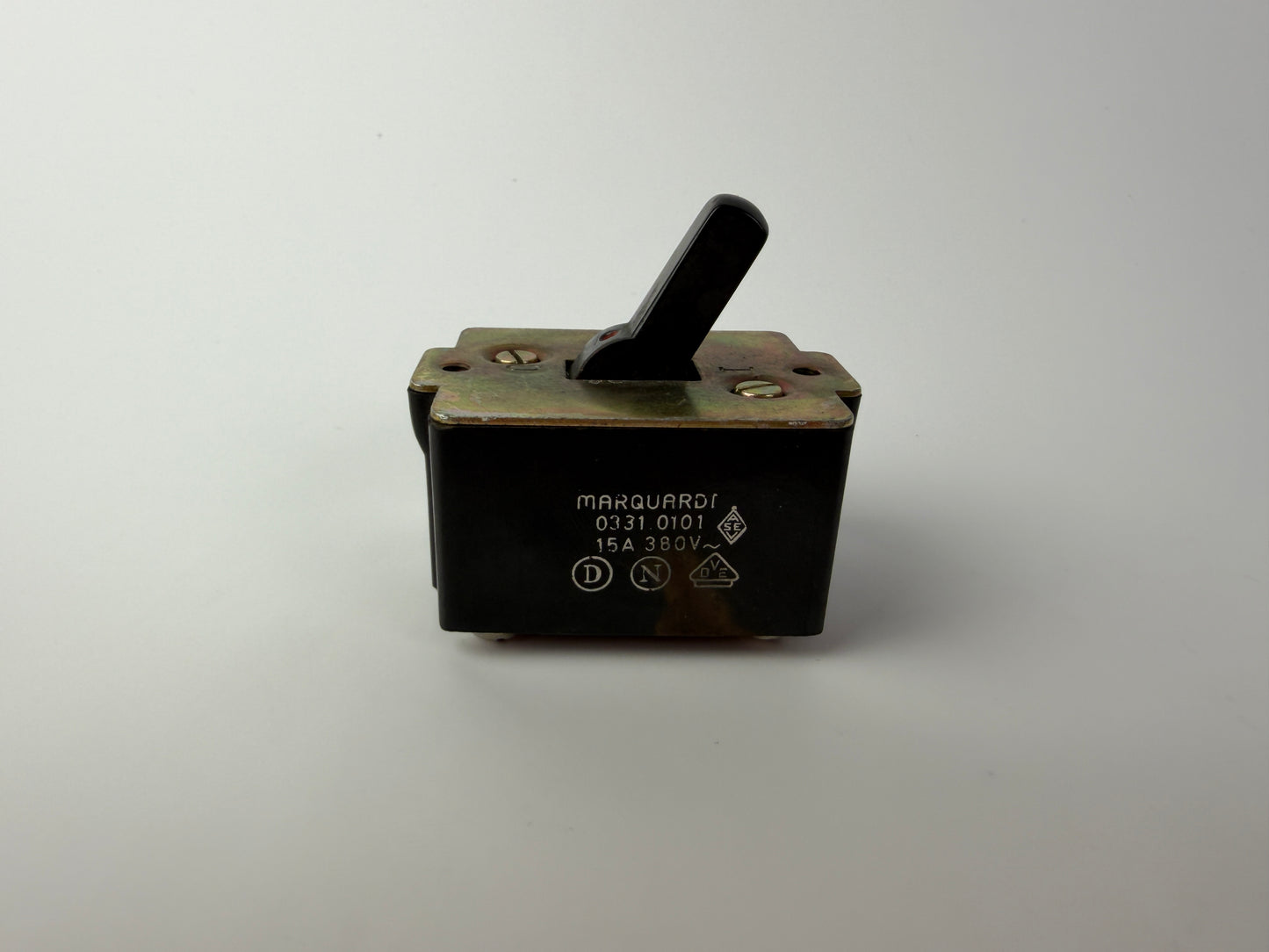 Marquardt 0331.0101 3-Pole Toggle Switch 15A 380V Industrial Power Switch
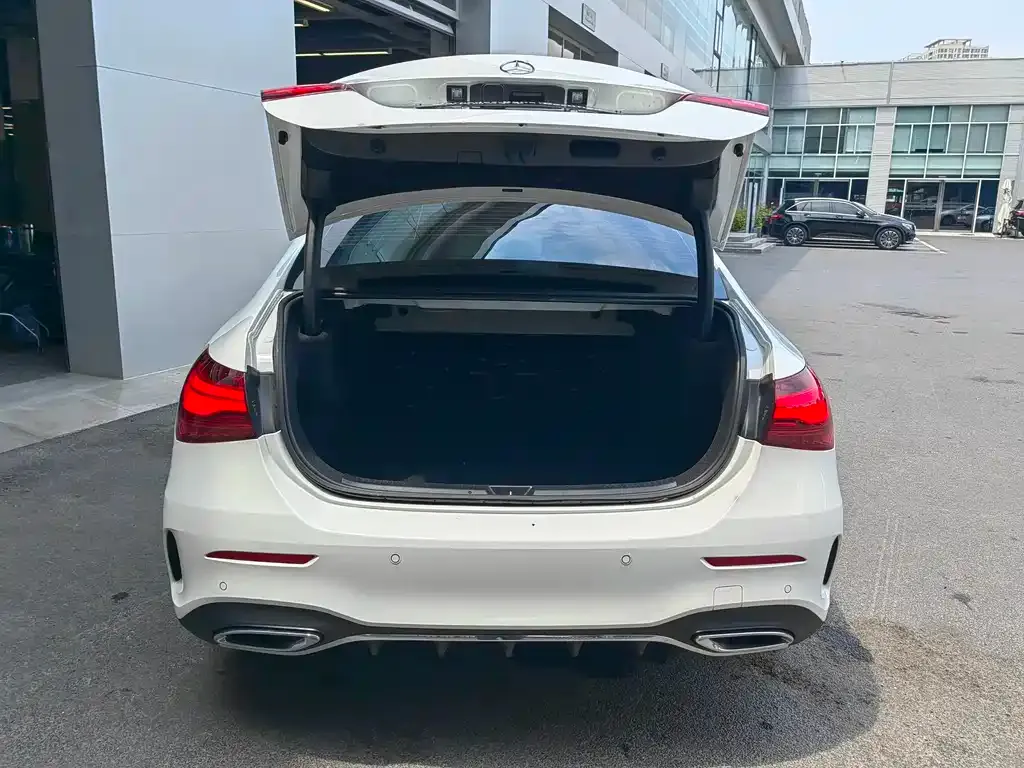 Mercedes-Benz A-Class 2023 из CN, фото 5
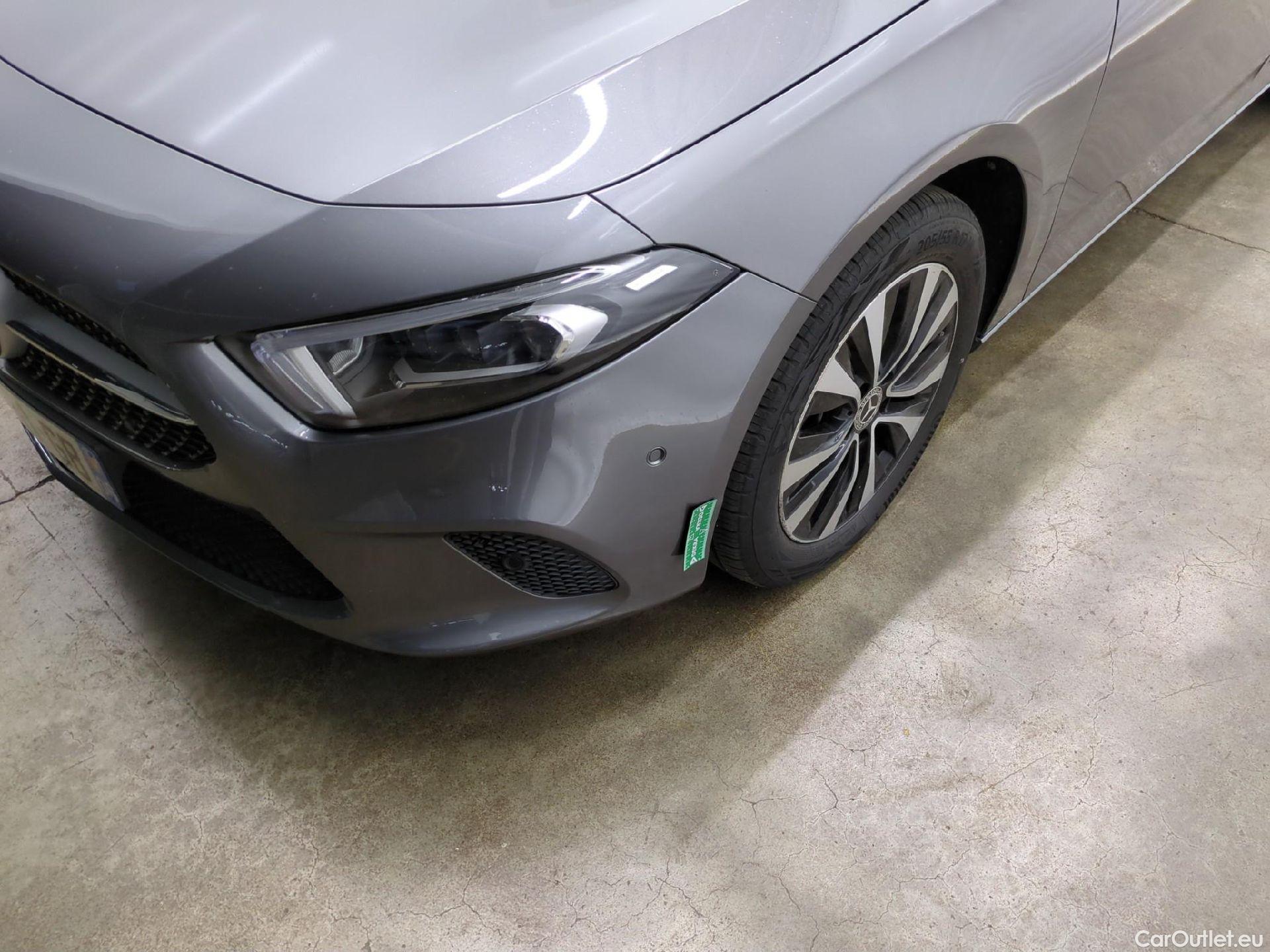  Mercedes  A-Klasse MERCEDES-BENZ Classe A Compact / 2018 / 5P / Berline A 250 e Business Line 8G-DCT #15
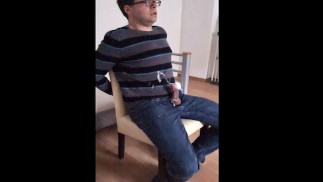 Grosse charge épaisse sans les mains en étant assis habillé sur une chaise - bel orgasme mains libres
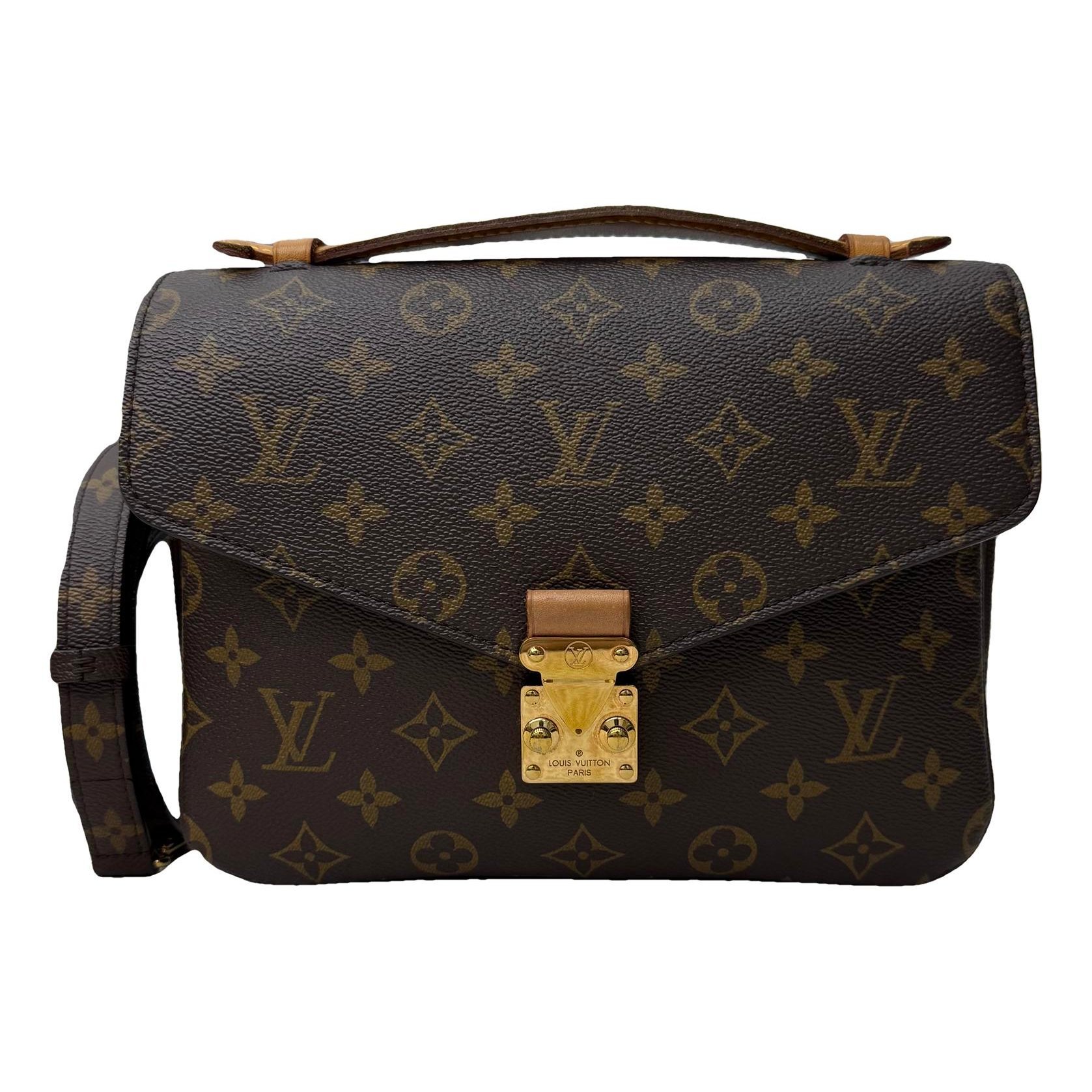 Metis leather handbag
* * * *
▶ **What you have to do**
With the pictures removed, repeat the listing above exactly as it stands.

▶ **Response area**
 Marquardt 0331.0101 3-Pole Toggle Switch 15A 380V Industrial Power Switch
 Mercedes-Benz A-Class 2023 из CN, фото 5
  Mercedes  A-Klasse MERCEDES-BENZ Classe A Compact / 2018 / 5P / Berline A 250 e Business Line 8G-DCT #15
 Grosse charge épaisse sans les mains en étant assis habillé sur une chaise - bel orgasme mains libres
 Metis leather handbag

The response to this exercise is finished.